▶ Prompt
Among the entries below, one stretch runs from the line that contains "Hyundai i20 N" through the line that contains "Sterlingsilber 4mm Abgeschrägt". Repeat that stretch exactly, ends included, and only that.
══════
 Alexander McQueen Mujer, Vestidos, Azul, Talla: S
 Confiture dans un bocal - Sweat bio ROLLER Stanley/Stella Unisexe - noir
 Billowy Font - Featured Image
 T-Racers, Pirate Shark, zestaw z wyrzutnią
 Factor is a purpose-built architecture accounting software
══════
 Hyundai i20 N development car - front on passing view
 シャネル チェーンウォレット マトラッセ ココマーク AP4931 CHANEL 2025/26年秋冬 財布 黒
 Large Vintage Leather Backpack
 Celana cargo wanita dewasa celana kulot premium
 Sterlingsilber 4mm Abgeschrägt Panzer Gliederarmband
══════
▶ Answer to the problem
 Hyundai i20 N development car - front on passing view
 シャネル チェーンウォレット マトラッセ ココマーク AP4931 CHANEL 2025/26年秋冬 財布 黒
 Large Vintage Leather Backpack
 Celana cargo wanita dewasa celana kulot premium
 Sterlingsilber 4mm Abgeschrägt Panzer Gliederarmband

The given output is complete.